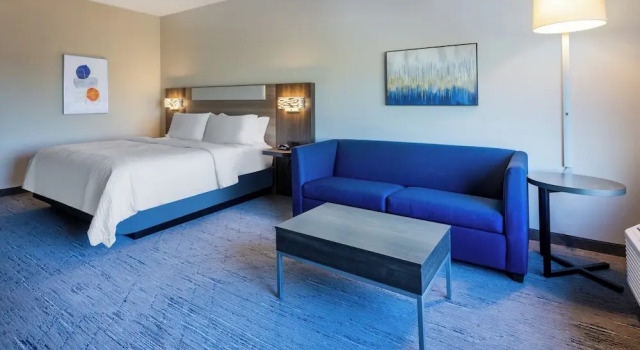 Двухместный люкс Holiday Inn Express & Suites Benson by IHG
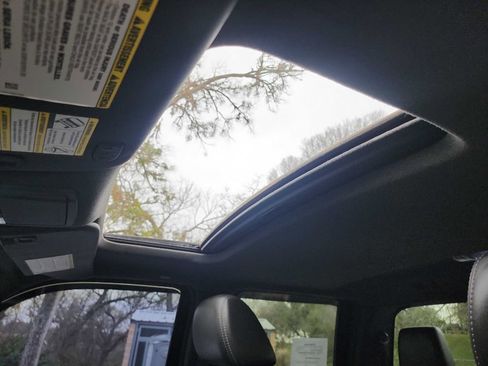 Used 2011 Ford F250 Lariat w/ Lariat Ultimate Pkg image 27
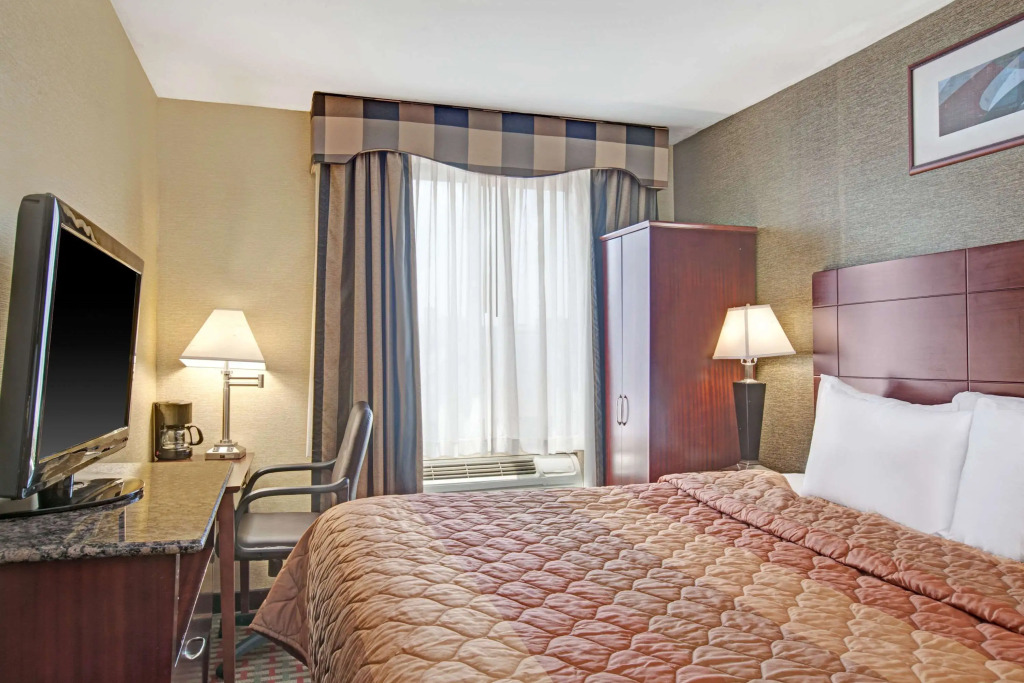Days Inn by Wyndham Brooklyn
****************
◆ **Work task**
What is needed is a verbatim copy of the lines from the line with "Used 2011 Ford" through the last line of the listing, pictures excluded.

◆ **Output of the exercise**
 Used 2011 Ford F250 Lariat w/ Lariat Ultimate Pkg image 27
Days Inn by Wyndham Brooklyn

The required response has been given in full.